Jam or Peanut Butter
I'm sitting here just baffled at how long my weekend seemed. I wonder if it's because it was jam-packed full of stuff, or is it more like I was trudging through peanut butter? My perception of time has really gone out the window - I find it hard to see that there was only one day between Friday night and Sunday.
I think the real reason why it seemed like such a long period of time is because I went through a full range of emotions. God's been doing a real number on my soul, mainly using the illustration of a Vision given in Rick Joyner's Final Quest. In this Vision (I capitalize Vision b/c it's the name of the 2-book compilation I'm reading), Rick visits the Judgment Seat of Christ, and is brought to realize the deception he's been living, and is revealed the darkness of his own soul. It's very sobering b/c I chose to enter into this place as he was describing the Vision. And, over these last few days, I've been brought very low.
Yet, there is hope! Jesus is the Redeemer. He has redeemed me - yay, all of us - from the darkness of the soul. He continues to remind me that He sees all of the darkness in my soul - even that which I don't see (it's worse than I suspect!!); but, He still calls me Righteous... Beloved, because His Blood has paid the price - has wiped away all sin.
Even though, I live in this duality, He sees the final purified me over top of this dark soul that I see now. And, even though I can still see the darkness of myself, I am choosing to live by faith in what He says, instead of by what I see. I AM redeemed, I AM His Beloved.
My mind has yet to fully grasp this Truth, or maybe it has yet to take root in my heart... I actually feel like a complete wacko! Because I am self-aware, I can see the two different lives, yet, I am still just one man. I hope I can't be traced from this post by a shrink, or they may send the men in white coats after me!! That may not be a completely bad thing, tho... I hear they place you in a padded room with a new jacket that lets you hug yourself all the time (lol)!
6 Comments:
I got interested to read these visions.but where is Jesus living now?I really want to know it one day & also see him & have a speech with him.(by the way I love PEANUT BUTTER!!!!!!!)

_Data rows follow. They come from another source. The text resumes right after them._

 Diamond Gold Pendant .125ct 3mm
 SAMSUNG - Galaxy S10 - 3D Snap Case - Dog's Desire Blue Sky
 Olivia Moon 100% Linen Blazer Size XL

Peanut Butter is one of God's greatest creations!! I am amazed at what tastes good with it! So far, I've found it works with the following:
Jam
Honey
Banana
Apple
Cheese
Miracle Whip or Mayo
Onion
Let me know if there's anything else that it works with, I'm eager to try it out!

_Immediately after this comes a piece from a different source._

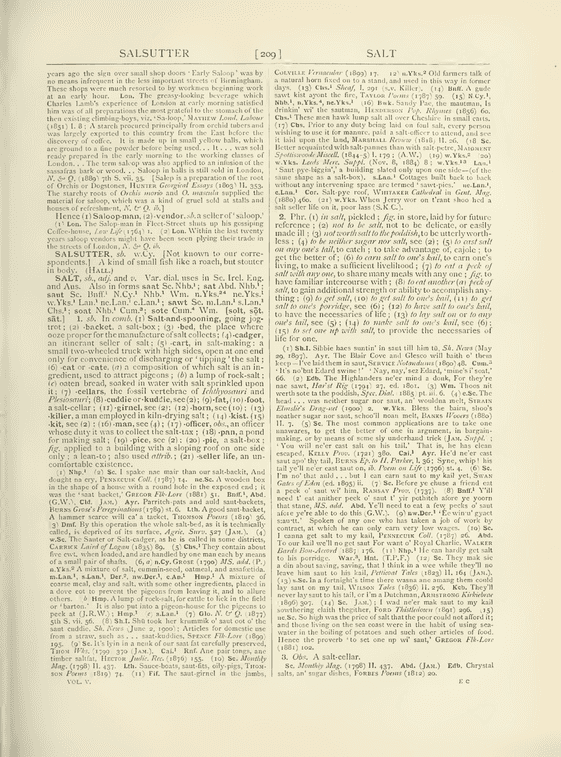 English Dialect Dictionary - Salt English Dialect Dictionary - Salt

Wow ! it sounds great,man!although I'm famous for mixing every thing together,but I'd never eat peanut butter with all these stuffs.well,the onion is really interesting!anyway,whenever I found a new compound I will write it in your daily post's comments.Hitherto I had eat it just with every kind of bread!
Yeah - bread is great! One of my favorite snacks is PB & Miracle Whip rolled up in some faltbread!
try spreading it on celery...yummmmy....and J knock knock..YOUR ROOM IS READY!!!!!!!!!! just kidding...Lee has a famous quote too.."we are ALL things" so ya you are feeling split...but your not....we are one...and when you learn to feel integrated as "self" it all flows together without judgment..we are ALL things...what we choose to live loudest and share with the world is is an expression of part of our being...but we have other parts..our fears, our "evil" thoughts...our shame...but I have come to understand that when I feel congruent is when I am honest with myself and live my best truth..outwardly and inwardly. accepting all aspects of me, allows me to JUST BE!! Remembering that we are all "a work in progress"....amen...M
I love the way you word your thoughts, here, M (are you the one who gives 007 his missions? LOL). I think the desparity I'm feeling now, is from expressing a part of myself in the wrong time. It is true, we are ALL things - God created us to be who we are. I think you mentioned in a "Come Down!" comment that sin could be thought of as choosing something you know doesn't lead to our greatest good; yet, even then God uses these opportunities to Redeem us... to lead us into unity with Himself.
There is no end to His redemptive strategy. Just as Paul (and Lee) said he was ALL things, he also says that God works out everything for our Good.